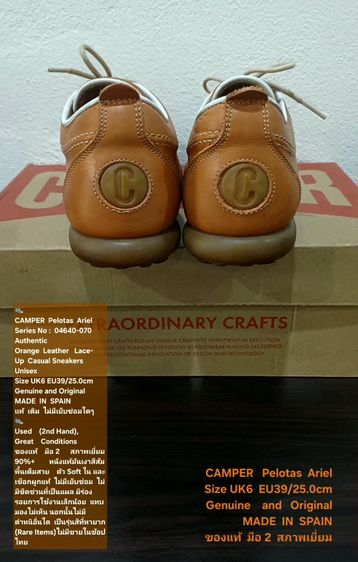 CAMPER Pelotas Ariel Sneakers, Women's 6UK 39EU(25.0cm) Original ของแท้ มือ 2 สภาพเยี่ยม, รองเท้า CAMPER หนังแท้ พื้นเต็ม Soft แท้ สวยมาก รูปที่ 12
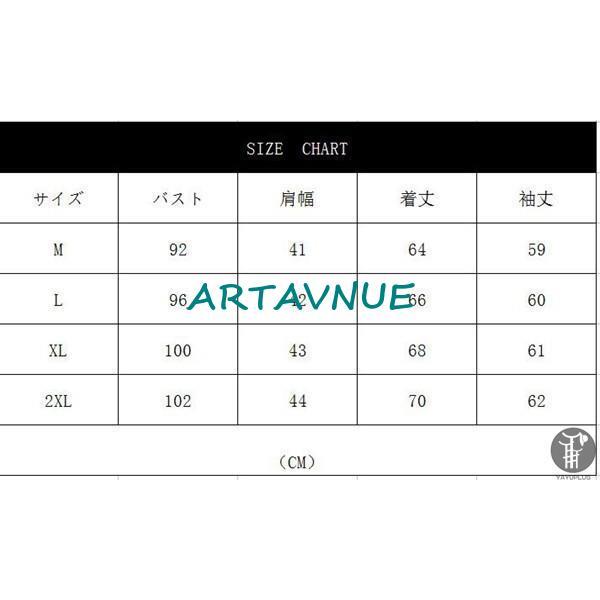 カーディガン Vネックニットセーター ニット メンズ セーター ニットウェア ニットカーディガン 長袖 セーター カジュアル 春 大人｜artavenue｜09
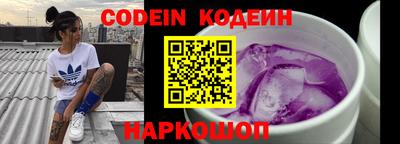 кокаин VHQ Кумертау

## WHAT IS REQUIRED
Your copy of the data should match it exactly, apart from the images, which are omitted.

## THE COMPLETED TASK
 CAMPER Pelotas Ariel Sneakers, Women's 6UK 39EU(25.0cm) Original ของแท้ มือ 2 สภาพเยี่ยม, รองเท้า CAMPER หนังแท้ พื้นเต็ม Soft แท้ สวยมาก รูปที่ 12
 カーディガン Vネックニットセーター ニット メンズ セーター ニットウェア ニットカーディガン 長袖 セーター カジュアル 春 大人｜artavenue｜09
 кокаин VHQ Кумертау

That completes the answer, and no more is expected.